The parser dumps a stack trace on stack overflow or encountering an unexpected terminal symbol.
Example for an Unexpected Terminal Symbol
Using the file unexpect.rg containing the top-down template grammar
S: . A . ; A: . . ( "a" B | "s" B ) ; B: . . . ( C | D ) ; C: "c" . . D ; D: "d" . ;to parse the terminal symbol sequence ‘a b c s e f g h i j’ results in the following stack trace:
$ atd-parser unexpect.rg - <<< 'a b c s e f g h i j' STACK TRACE #2 [0] S: . >>> A <<< . "a" #1 [1] A: . . ("a" B | "s" >>> B <<<) "b" "c" "s" #0 [4] B: . . . (>>> C | D <<<) "e" "f" "g" Unexpected terminal symbol [7]: "h"
The bottom line of a stack trace indicates an offset (‘[7]’) in a training terminal symbol sequence for an unexpected terminal symbol and indicates the unexpected terminal symbol itself ("h").
The pairs of lines above the bottom line correspond to parse stack frames.
A number after ‘#’ indicates the index of a parse stack frame, where frame ‘#0’ is the current stack frame, frame ‘#1’ is the previous stack frame, and so on. A number in square brackets (e.g. ‘[4]’) after the index of a parse stack frame indicates an offset in a training terminal symbol sequence. The offset corresponds to the beginning of parsing a nonterminal symbol. The nonterminal symbol itself ended with ‘:’ (e.g. ‘B:’) follows the number in square brackets. A regular expression (e.g. ‘. . . (>>> C | D <<<)’) for the nonterminal symbol follows it. In the regular expression, the markers ‘>>>’ and ‘<<<’ indicate a subexpression with a parse error.
The second line in a pair of lines for a parse stack frame lists terminal symbols (e.g. ‘"e" "f" "g"’) consumed while parsing the regular expression before encountering a parse error.
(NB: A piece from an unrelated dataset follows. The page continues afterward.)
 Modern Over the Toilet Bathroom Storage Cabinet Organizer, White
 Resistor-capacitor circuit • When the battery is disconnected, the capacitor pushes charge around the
Example for Stack Overflow
Using the file stack_overflow.rg containing the top-down template grammar
S: . A ; A: . . B ; B: . . . C ; C: . . . . A ;to parse the sequence ‘a b c d e f g h i j k l m n’ with stack size 4 results in the following stack trace:
$ atd-parser --stack-size=4 stack_overflow.rg - <<< 'a b c d e f g h i j k l m n' STACK OVERFLOW #3 [0] S: . >>> A <<< "a" #2 [1] A: . . >>> B <<< "b" "c" #1 [3] B: . . . >>> C <<< "d" "e" "f" #0 [6] C: . . . . >>> A <<< "g" "h" "i" "j" Terminal symbol [10]: "k"
The bottom line of a stack trace indicates an offset (‘[10]’) in a training terminal symbol sequence for a terminal symbol led to creating a new parse stack frame resulted in exceeding the maximum allowed number of parse stack frames.
The terminal symbol itself ("k") follows the offset.